# Maruishi RX-7??? Starter bike???



## Derek4Real (Aug 4, 2005)

Anyone ever here of a Japanese road bike called a Maruishi RX-7? I think this might make a good cheep starter bike that I could trash. Could be a steal for under $200??

***Bike Specifications*** 
Brand:	Maruishi 
Model:	RX-7 
Type:	Road racer 
Year:	1993 
Frame size: height	64 cm center to top 
length of top bar cntr-cntr 63 cm from cntr to center long. 
Stand-Over height: 34.5 inches tall ( inseam) 
Cranks: 175mm 
Drop outs Horizontal 
Rear Drop out spacing 128 mm 
Stand-Over height: 34.5inches tall 
Frame Material: EXO CR-MO Steel quadruple butted 
Frame Construction: Steel 
Manufacturing origin: Japan 
Fork Material: Steel 
Head Set 1 inch Alloy 
Brake type: Calliper 
Shifter type: 12 indexed shifters 
Number of speeds: 12 speed 
Components: Shimano 105 
Tire Size: 700c Araya Presta tires 
Wheels Quick Release: both QR 
Color/Frame: Champagne 
Seat Post 2 piece alloy 
pedals Shimano 105 metal pedals 
Saddle Vetta black leather 

Any opinions???


----------



## Derek4Real (Aug 4, 2005)

Ahhh it sold... grrrr someone delete this post... thanks


----------



## Rthur2sheds (Jul 30, 2004)

I saw that bike! It looked brand-new!

I almost bought it as it WAS a good deal. 
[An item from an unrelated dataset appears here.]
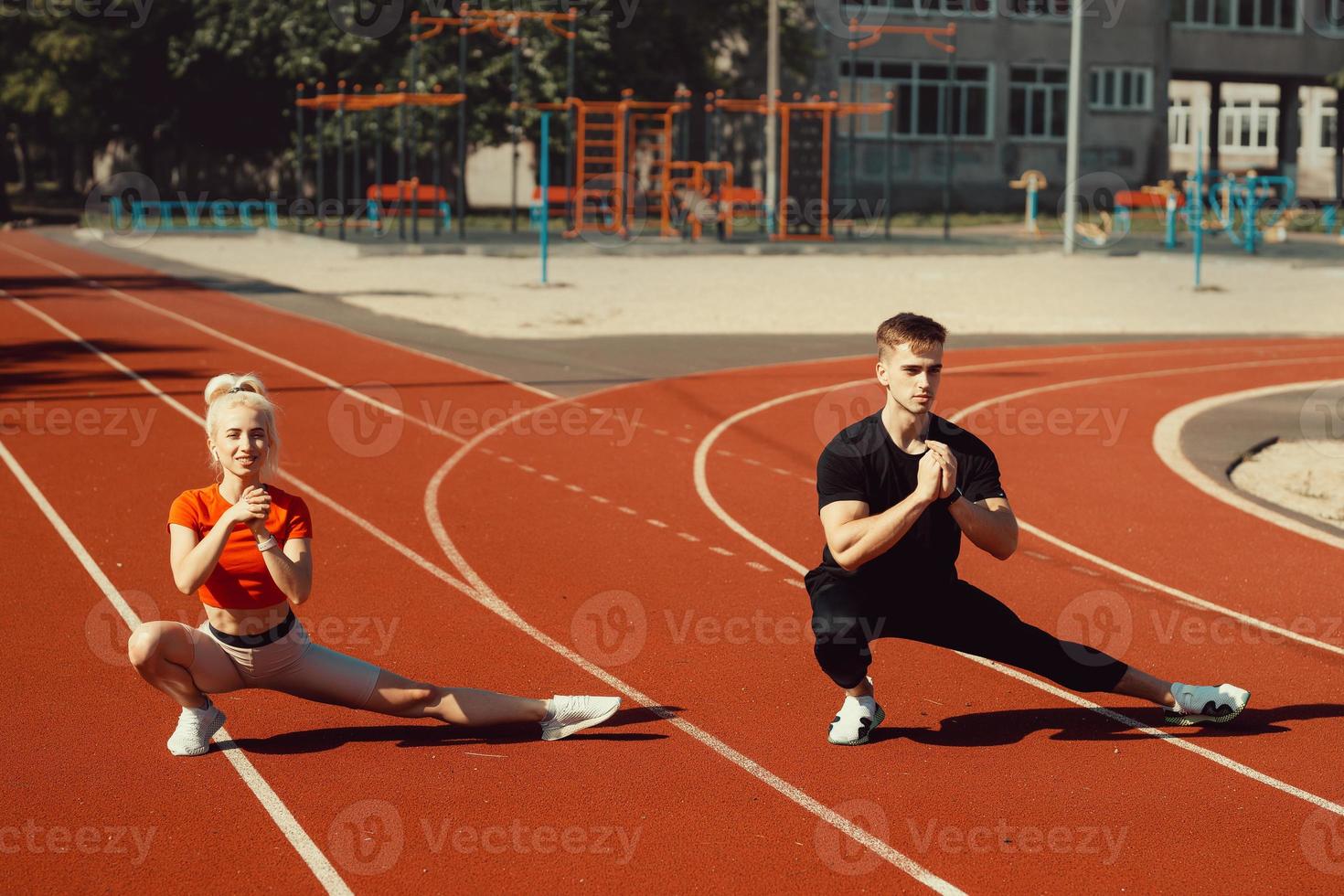 Mädchen und ein Typ, die sich vor Sportübungen im Schulstadion aufwärmen foto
If you're interested, I have a 63cm Raleigh Grand Prix with similar components that I might be willing to part with. I hafta think about it...you know...hard to let things go sometimes...LOL


----------



## Derek4Real (Aug 4, 2005)

Just let me know the specs and $ and what you might think it will cost for shipping... thanks for looking out...


----------



## Rthur2sheds (Jul 30, 2004)

*my big mouth...*

Derek4real...

I picked up the Raleigh on eBay a few months ago for my nephew as payment for painting my front porch...he never finished the porch, so he never got the bike. The day after my last post, he calls up and wants to finish/pick up the bike...so there it is...sorry, dude.

I'll keep my eyes peeled for you... how 'bout this one?

http://cgi.ebay.com/ws/eBayISAPI.dll?ViewItem&item=7176357086&rd=1&sspagename=STRK:MEWA:IT&rd=1
.
bob~


----------